_Activity_. Among the entries below, take the line with "Waterproof Brown Washable" and the line with "Balloon Wall Decal/ Hot", and output them and every line between them exactly, with nothing else.

_Records supplied_.

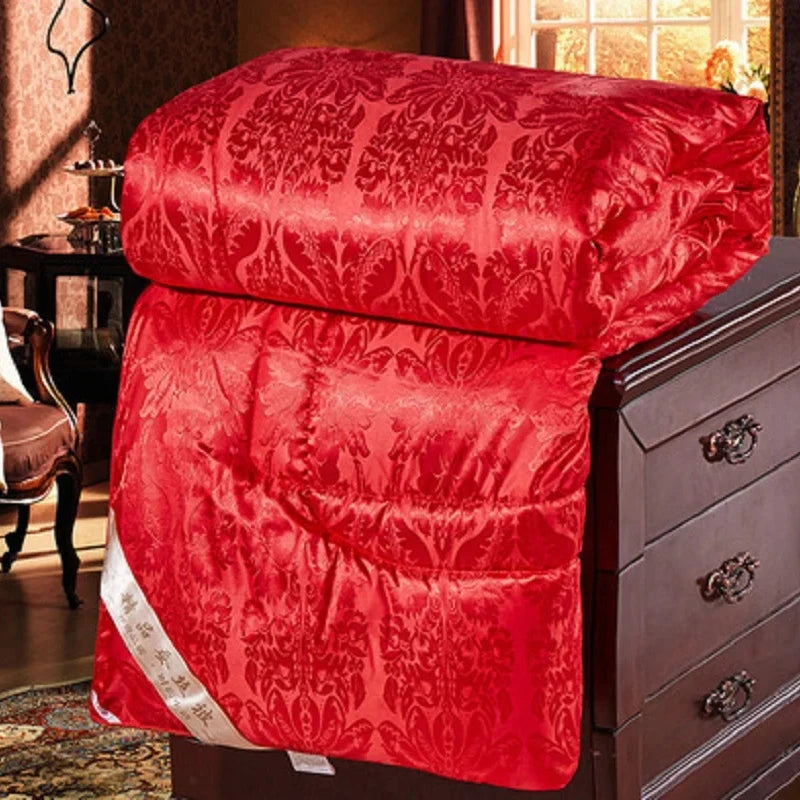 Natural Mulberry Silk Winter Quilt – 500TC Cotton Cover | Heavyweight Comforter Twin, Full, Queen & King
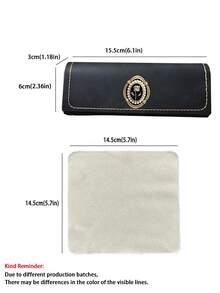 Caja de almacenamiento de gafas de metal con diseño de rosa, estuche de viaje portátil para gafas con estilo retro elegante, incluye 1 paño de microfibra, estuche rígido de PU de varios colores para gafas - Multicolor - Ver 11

...

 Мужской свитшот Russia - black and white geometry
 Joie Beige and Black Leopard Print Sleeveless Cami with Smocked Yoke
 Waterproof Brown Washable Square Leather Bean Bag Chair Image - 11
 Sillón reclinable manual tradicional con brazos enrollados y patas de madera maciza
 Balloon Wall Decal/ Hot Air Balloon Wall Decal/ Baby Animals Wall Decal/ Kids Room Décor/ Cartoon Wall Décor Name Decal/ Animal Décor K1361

--

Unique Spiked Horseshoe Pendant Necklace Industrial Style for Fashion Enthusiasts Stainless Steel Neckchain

_Reply_.
 Waterproof Brown Washable Square Leather Bean Bag Chair Image - 11
 Sillón reclinable manual tradicional con brazos enrollados y patas de madera maciza
 Balloon Wall Decal/ Hot Air Balloon Wall Decal/ Baby Animals Wall Decal/ Kids Room Décor/ Cartoon Wall Décor Name Decal/ Animal Décor K1361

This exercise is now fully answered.